[DATA SUPPLIED]
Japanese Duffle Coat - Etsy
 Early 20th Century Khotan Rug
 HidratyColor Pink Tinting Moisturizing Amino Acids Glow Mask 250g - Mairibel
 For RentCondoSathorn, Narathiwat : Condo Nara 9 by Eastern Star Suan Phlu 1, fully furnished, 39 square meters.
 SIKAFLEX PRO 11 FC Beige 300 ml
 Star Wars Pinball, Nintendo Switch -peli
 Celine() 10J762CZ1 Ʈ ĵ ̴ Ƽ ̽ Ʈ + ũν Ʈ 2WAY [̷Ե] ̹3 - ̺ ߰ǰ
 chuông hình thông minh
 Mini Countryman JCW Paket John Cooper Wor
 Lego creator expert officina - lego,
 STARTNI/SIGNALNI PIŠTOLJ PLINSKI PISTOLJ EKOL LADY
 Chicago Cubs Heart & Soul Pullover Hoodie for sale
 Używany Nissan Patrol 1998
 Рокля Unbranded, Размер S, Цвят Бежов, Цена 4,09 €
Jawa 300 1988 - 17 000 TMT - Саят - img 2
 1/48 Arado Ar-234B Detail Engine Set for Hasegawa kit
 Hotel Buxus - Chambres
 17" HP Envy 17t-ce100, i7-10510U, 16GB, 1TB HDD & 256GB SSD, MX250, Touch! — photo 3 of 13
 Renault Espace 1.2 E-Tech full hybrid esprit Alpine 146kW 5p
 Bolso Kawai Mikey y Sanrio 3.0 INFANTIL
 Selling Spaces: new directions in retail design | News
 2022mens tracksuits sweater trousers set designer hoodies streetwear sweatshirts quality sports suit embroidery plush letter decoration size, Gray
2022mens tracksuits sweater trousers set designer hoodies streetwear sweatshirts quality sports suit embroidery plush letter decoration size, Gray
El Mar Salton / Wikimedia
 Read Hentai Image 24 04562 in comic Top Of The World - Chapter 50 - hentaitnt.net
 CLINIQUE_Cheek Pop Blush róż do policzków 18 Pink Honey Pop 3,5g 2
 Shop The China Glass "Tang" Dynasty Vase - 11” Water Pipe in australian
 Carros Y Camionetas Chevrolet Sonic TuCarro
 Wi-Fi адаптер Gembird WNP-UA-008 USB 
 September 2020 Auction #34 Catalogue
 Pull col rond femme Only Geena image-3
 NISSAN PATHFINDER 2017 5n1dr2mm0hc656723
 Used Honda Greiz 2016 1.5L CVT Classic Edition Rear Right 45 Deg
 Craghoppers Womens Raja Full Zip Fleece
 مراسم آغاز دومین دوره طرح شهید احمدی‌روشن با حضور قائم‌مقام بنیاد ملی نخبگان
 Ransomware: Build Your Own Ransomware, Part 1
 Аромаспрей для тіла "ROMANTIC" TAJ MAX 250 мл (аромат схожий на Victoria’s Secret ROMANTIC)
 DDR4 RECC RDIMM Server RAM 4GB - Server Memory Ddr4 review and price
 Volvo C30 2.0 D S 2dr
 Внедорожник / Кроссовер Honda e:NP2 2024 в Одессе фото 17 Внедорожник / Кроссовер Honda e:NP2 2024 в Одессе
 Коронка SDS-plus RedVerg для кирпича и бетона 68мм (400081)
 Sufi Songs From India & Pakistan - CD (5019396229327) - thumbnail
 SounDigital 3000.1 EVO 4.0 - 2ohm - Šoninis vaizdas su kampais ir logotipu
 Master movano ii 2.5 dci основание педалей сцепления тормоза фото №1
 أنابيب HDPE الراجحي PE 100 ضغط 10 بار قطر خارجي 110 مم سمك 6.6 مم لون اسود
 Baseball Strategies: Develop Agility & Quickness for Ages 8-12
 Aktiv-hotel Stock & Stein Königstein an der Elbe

[WORK REQUEST]
Give the material again in full, exactly as it appears above.

[EXERCISE RESPONSE]
Japanese Duffle Coat - Etsy
 Early 20th Century Khotan Rug
 HidratyColor Pink Tinting Moisturizing Amino Acids Glow Mask 250g - Mairibel
 For RentCondoSathorn, Narathiwat : Condo Nara 9 by Eastern Star Suan Phlu 1, fully furnished, 39 square meters.
 SIKAFLEX PRO 11 FC Beige 300 ml
 Star Wars Pinball, Nintendo Switch -peli
 Celine() 10J762CZ1 Ʈ ĵ ̴ Ƽ ̽ Ʈ + ũν Ʈ 2WAY [̷Ե] ̹3 - ̺ ߰ǰ
 chuông hình thông minh
 Mini Countryman JCW Paket John Cooper Wor
 Lego creator expert officina - lego,
 STARTNI/SIGNALNI PIŠTOLJ PLINSKI PISTOLJ EKOL LADY
 Chicago Cubs Heart & Soul Pullover Hoodie for sale
 Używany Nissan Patrol 1998
 Рокля Unbranded, Размер S, Цвят Бежов, Цена 4,09 €
Jawa 300 1988 - 17 000 TMT - Саят - img 2
 1/48 Arado Ar-234B Detail Engine Set for Hasegawa kit
 Hotel Buxus - Chambres
 17" HP Envy 17t-ce100, i7-10510U, 16GB, 1TB HDD & 256GB SSD, MX250, Touch! — photo 3 of 13
 Renault Espace 1.2 E-Tech full hybrid esprit Alpine 146kW 5p
 Bolso Kawai Mikey y Sanrio 3.0 INFANTIL
 Selling Spaces: new directions in retail design | News
 2022mens tracksuits sweater trousers set designer hoodies streetwear sweatshirts quality sports suit embroidery plush letter decoration size, Gray
2022mens tracksuits sweater trousers set designer hoodies streetwear sweatshirts quality sports suit embroidery plush letter decoration size, Gray
El Mar Salton / Wikimedia
 Read Hentai Image 24 04562 in comic Top Of The World - Chapter 50 - hentaitnt.net
 CLINIQUE_Cheek Pop Blush róż do policzków 18 Pink Honey Pop 3,5g 2
 Shop The China Glass "Tang" Dynasty Vase - 11” Water Pipe in australian
 Carros Y Camionetas Chevrolet Sonic TuCarro
 Wi-Fi адаптер Gembird WNP-UA-008 USB 
 September 2020 Auction #34 Catalogue
 Pull col rond femme Only Geena image-3
 NISSAN PATHFINDER 2017 5n1dr2mm0hc656723
 Used Honda Greiz 2016 1.5L CVT Classic Edition Rear Right 45 Deg
 Craghoppers Womens Raja Full Zip Fleece
 مراسم آغاز دومین دوره طرح شهید احمدی‌روشن با حضور قائم‌مقام بنیاد ملی نخبگان
 Ransomware: Build Your Own Ransomware, Part 1
 Аромаспрей для тіла "ROMANTIC" TAJ MAX 250 мл (аромат схожий на Victoria’s Secret ROMANTIC)
 DDR4 RECC RDIMM Server RAM 4GB - Server Memory Ddr4 review and price
 Volvo C30 2.0 D S 2dr
 Внедорожник / Кроссовер Honda e:NP2 2024 в Одессе фото 17 Внедорожник / Кроссовер Honda e:NP2 2024 в Одессе
 Коронка SDS-plus RedVerg для кирпича и бетона 68мм (400081)
 Sufi Songs From India & Pakistan - CD (5019396229327) - thumbnail
 SounDigital 3000.1 EVO 4.0 - 2ohm - Šoninis vaizdas su kampais ir logotipu
 Master movano ii 2.5 dci основание педалей сцепления тормоза фото №1
 أنابيب HDPE الراجحي PE 100 ضغط 10 بار قطر خارجي 110 مم سمك 6.6 مم لون اسود
 Baseball Strategies: Develop Agility & Quickness for Ages 8-12
 Aktiv-hotel Stock & Stein Königstein an der Elbe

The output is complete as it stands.